Years ago, I had my first summer camp assignment as a work crew boss at Sharptop Cove. As a young staff person, I remember curiously watching our camp director. He seemed to always be walking around camp, slowly, with another person from the assigned team by his side. It was Wednesday of that first week when he invited me to set down my weed-eater and join him for a stroll.
We walked around together for probably an hour. I remember how it made me feel so cared for that the head honcho wanted to spend time with me. And that he wasn’t distracted. And that he wasn’t in a hurry.
This summer I’ve had the privilege of taking some slow walks with a few of my high school friends. It’s felt quite different from the typical contact work scenarios. No eating. No sports. No games. No entertainment. Just two guys walking together. Sometimes in a neighborhood. Sometimes in the woods.
A few months back, I met with a friend from church who is a seasoned psychologist. I wanted to ask his advice in regards to one of my high school friends who was stuck in paralyzing anxiety. The first thing out of his mouth was, “Y’all should take walks together.” He began to tell me about something called “bilateral stimulation.” He said that walking is actually a medically proven therapy for anxiety in how it stimulates the brain.

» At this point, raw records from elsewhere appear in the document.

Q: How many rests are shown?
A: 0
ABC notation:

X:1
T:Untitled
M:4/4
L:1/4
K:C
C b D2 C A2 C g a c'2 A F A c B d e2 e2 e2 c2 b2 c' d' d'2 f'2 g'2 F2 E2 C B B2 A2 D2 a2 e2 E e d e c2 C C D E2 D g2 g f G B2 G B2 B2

Scholars estimate that Jesus walked an average of 15-25 miles/day during his three years of ministry. It seems like Jesus’ primary method of discipleship was walking with people. Maybe that’s why the mid-week hikes at Young Life camps feels so powerful. Maybe it’s not so much the view, as it is the journey.
Wonder what would happen if, instead of a milkshake run, you invited one of your high school friends to take a walk tonight?
Make sure to leave the phones behind. To walk slowly. To listen to your heart beat. To pay attention to the birds. To gratefully enjoy one another’s presence. And to remember the One who walks along with you.